Family violence, also known as domestic violence, is a pattern of abusive, threatening or coercive behaviour towards a current or former family member or partner, that causes the person experiencing the behaviour to feel fear. It can range from physical and sexual violence to economic and social abuse. Coercive control tends to be present in all instances of family violence.
While family violence is most commonly used by men against current or former partners, it can also occur:
- in intimate relationships between people of all genders
- when carers, who may or may not be family members, abuse people with disability
- when older children and young people abuse their parents, siblings or other family members
- in kinship or ’family of choice’ relationships.
Types of family violence
Family violence isn’t always physical. It can also include:
- Threats: threatening to ‘out’ someone’s gender identity if you don’t do what they want. Or threatening to hurt children or pets if you don’t do what they want.
- Intimidation: making you feel afraid. Sometimes this can be a gesture, or a look. This is part of a pattern of coercive control.
- Using children: Using child contact times to harass/pressure you into decision making outside of parenting agreements.
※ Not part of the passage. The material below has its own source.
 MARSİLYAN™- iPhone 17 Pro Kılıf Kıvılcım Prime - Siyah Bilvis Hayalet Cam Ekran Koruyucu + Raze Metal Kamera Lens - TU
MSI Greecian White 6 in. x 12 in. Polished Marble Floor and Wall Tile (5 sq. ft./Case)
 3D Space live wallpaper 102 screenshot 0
Using children to relay threatening messages.
- Isolation: Preventing you from seeing who you want, or having people visit. It can also look like things such as taking up all of your attention so that you cannot attend to, or contact others (including children, family and friends).
- Technological abuse: using technology to stalk, threaten or monitor your movements, including threatening or harassing phone calls and messages.
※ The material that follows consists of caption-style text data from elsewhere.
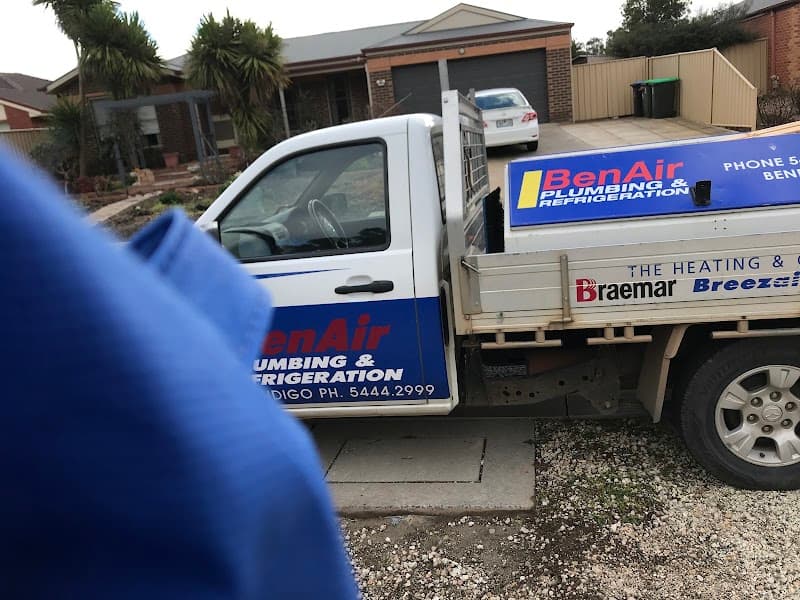 Benair Plumbing & Refrigeration air conditioning work in Golden Square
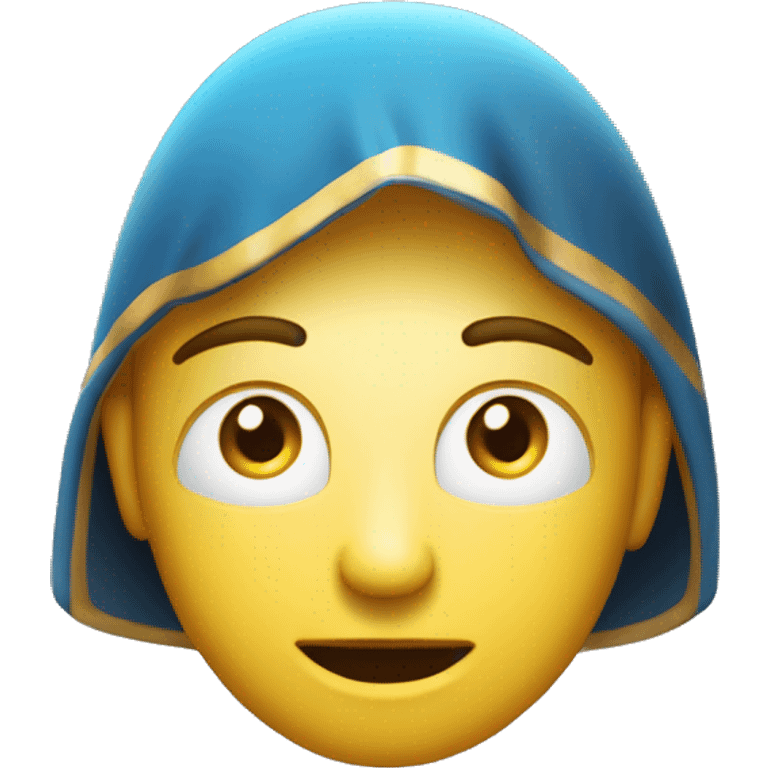 Concevez un emoji symbolisant l'éveil spirituel, avec une lumière éclatante ou une aura lumineuse autour d'une figure méditative emoji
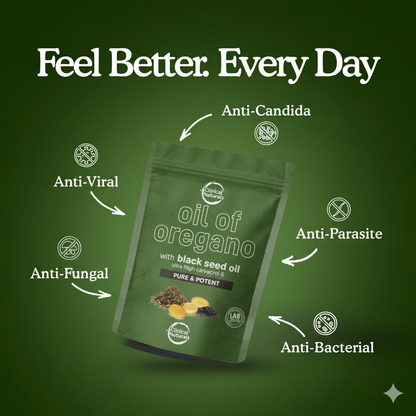 Clinical Naturals™ Oil of Oregano + Black Seed Oil Complex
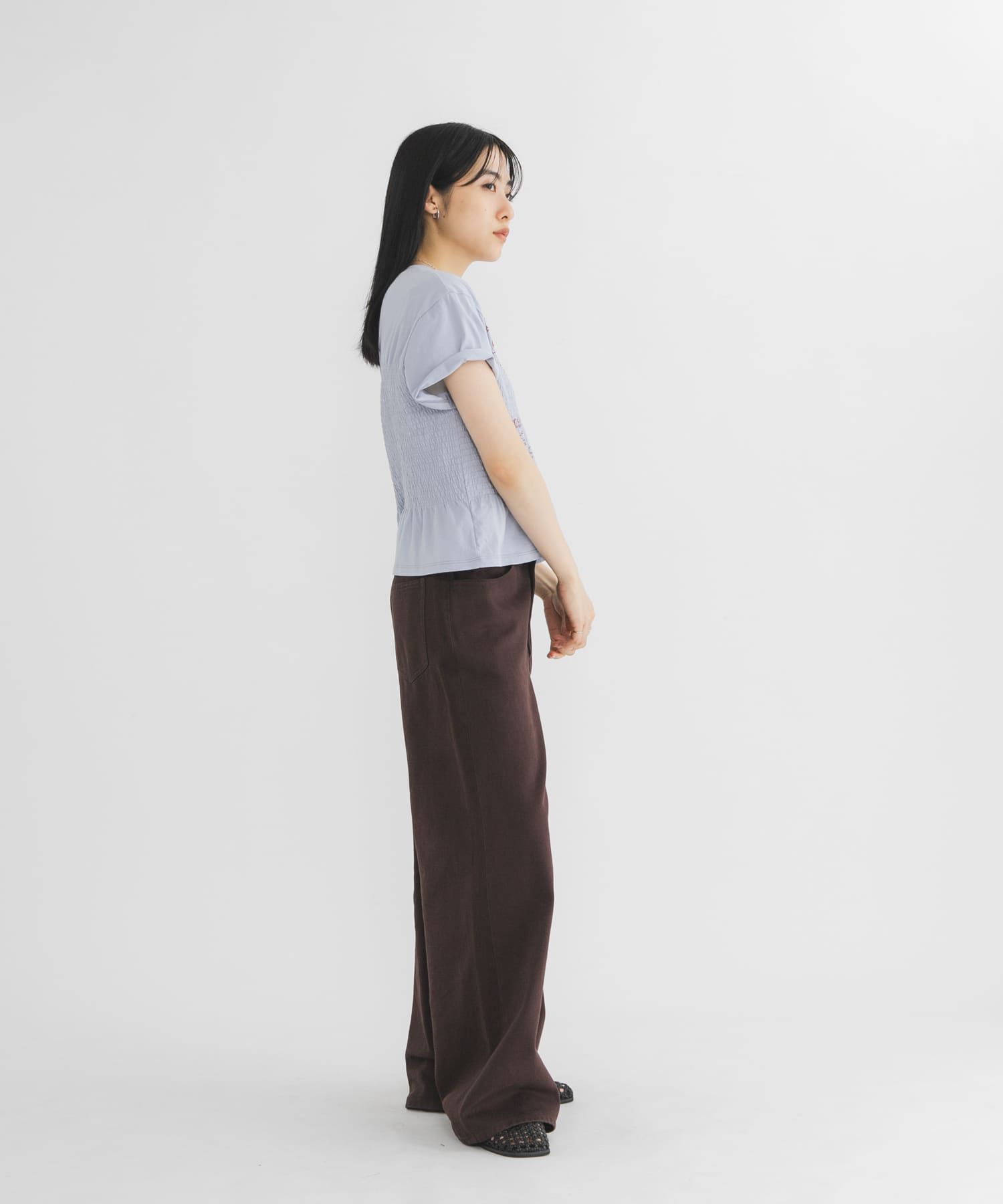  「ミニマルWIDEパンツ」|その他|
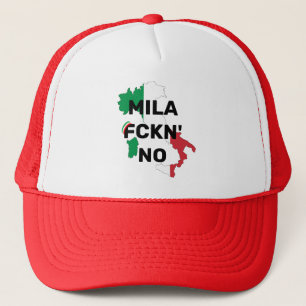 Casquette Cool MILANO - Mila Fckn Non avec drapeau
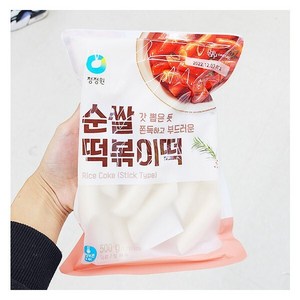 캔디사은품 + 청정원 순쌀떡볶이떡, 500g, 3개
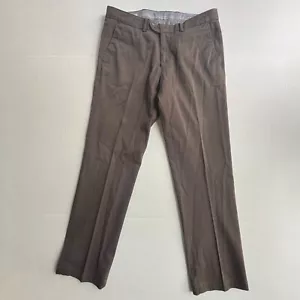 BALLIN Atwater Pant Chinos 32x31 Modern Fit Flat Front Stretch Supima Twill Gray - Picture 1 of 7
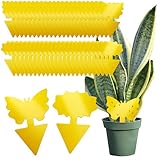 com-four® 50x Gelbfalle Fliegenfallen für Außen und Innen - Dekorative Leimfalle gegen Fliegen und Blattläuse - Insekten Klebe-Fallen (50 Stück - Fliegenfalle)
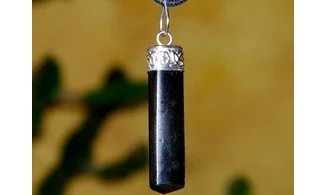 Black Tourmaline pencil Pendant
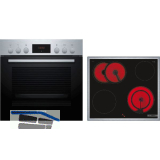 BOSCH Herd-Set HND211FH61 Edelstahl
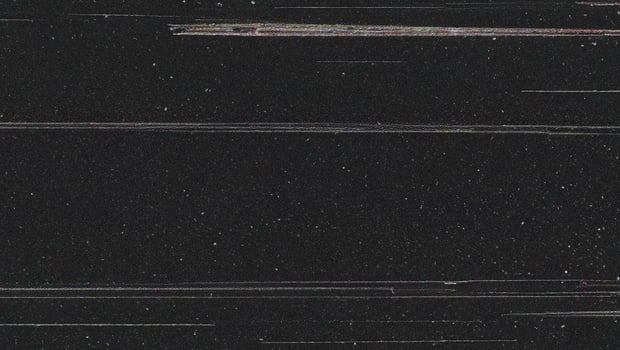 Glitch Art on Dark Background photo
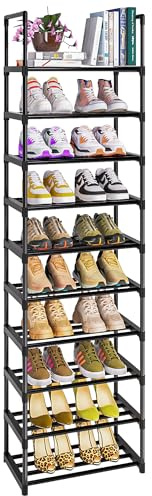 OYREL Shoe Rack, Sturdy Metal Shoe Rack Organizer,Narrow Shoe Racks for Closets,Shoes Rack,Shoe Stand,Shoe Shelf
- Verbal/emotional abuse: using words or behaviour to threaten, control or intimidate you. This can include using ‘silent treatment’ as a form of punishment to get you to do or agree to something you don’t want to do.
- Psychological abuse: using words or behaviours to frighten and manipulate. This can include making you question your version of events (‘gaslighting’)
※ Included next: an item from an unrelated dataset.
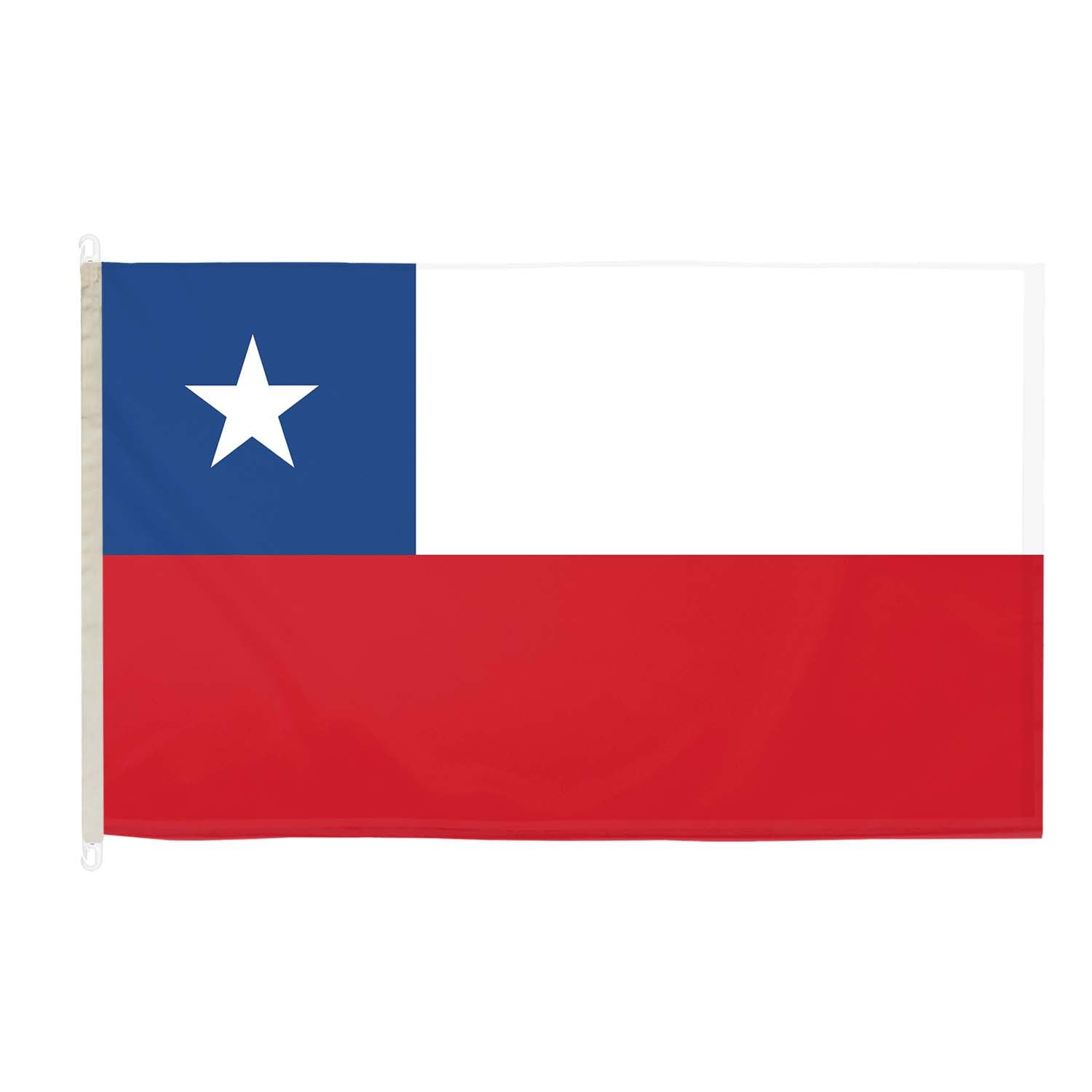Chile DuraFlag with Clips 5ft x 3ft Premium Quality Flag 150cm x 90cm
What can family violence look like?
Family violence can look like things such as:
- Stopping someone from seeing their friends or family.
- Pressuring or forcing someone to engage in sexual activity. This can include expecting sex as a form of reconciliation.
- Threatening suicide or harm to the other person or children or pets.
- Calling someone names, belittling them.
- Financial control such as monitoring or limiting access to money, or not contributing to household expenses.
- Monitoring movements, such as constantly calling to check on where someone is, stalking, surveillance such as through location sharing and via social media.
- Deliberately undermining someone’s confidence, or ability to trust their reality (commonly referred to as ‘gaslighting’)
- Jealousy/possessiveness
- Spiritual abuse, including belittling someone’s beliefs and manipulating religious teachings or cultural traditions to excuse violence.